I would alter only one word in his statement: “Church music should be seen as elitist.” Or does the Very Reverend Gentleman reckon we should prefer mediocrity instead?
The cathedral authorities claim to be working for the good of the whole community. I can think of no better way to contribute to the good of the community than to offer the benefit of the finest church music in the world in the form of plainchant, anthems and motets. There is enough “diversity” in Sheffield already: how about a little excellence?
When it comes to the benefits of church choirs, I can speak from personal experience. As a lad, I was an oik. Some of my friends say I’m still an oik. But if I’m a bit less oikish than I was, it is because back in the 1950s Fr Geoffrey Sowerby hauled me off the backstreets of Leeds, between the gasworks and Armley jail, and enrolled me in the choir at St Bartholomew’s.
The organist and choirmaster, John Watkins, was vigorous in his elitism. And why not? That neo-Gothic masterpiece St Bartholomew’s loomed like a Victorian grandparent over the smoky slums. But we slum-dwellers were shameless elitists, for our parish church housed the Schultze – one of the finest church organs in the world. And we sang the greatest music.
Fr Geoffrey used to say of me, “Peter is a brand plucked from the burning!” It was the slum elitism wot done it!

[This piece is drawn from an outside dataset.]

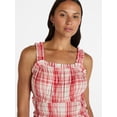 thumbnail image 4 of Time and Tru Women's Sleeveless Smocked Cotton Peasant Midi Dress, Sizes XS-XXXL, 4 of 5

Before I joined that choir, my musical experiences went no further than Bill Haley and Lonnie Donegan’s skiffle band – plus the occasional nostalgic rendering of George Formby’s When I’m cleaning Winders.
Within six months I could sing whole stretches of William Byrd and Thomas Tallis by heart. Our hymn books were full of tunes by Orlando Gibbons, Samuel Wesley and Vaughan Williams. And of course, if you sing the music, you can’t help but notice the words. Thus I was doubly-blessed by the free receipt of a musical-spiritual education. Better than free – choirboys were paid fourpence – that’s 4d – for each service.
Dean Peter Bradley is also Deputy Lieutenant, which is a step up from oikiness. Why then is he so ill-mannered as to steal from the people of Sheffield the music of such as Byrd and Tallis which saved my life? Deputy Dean Keith Farrow seeks “justice for the poor.” So why deprive Sheffield’s poor of the stuff that can really nourish them?
But these dignitaries are only inverted snobs operating social engineering and the politics of envy. Diversity? Don’t make me laugh! What they want is yet another steel band, yet another rap outfit and yet another “singing group” with all their patented inanities. Can’t they understand that their actions will not make Sheffield more diverse – but only a monochrome mediocrity?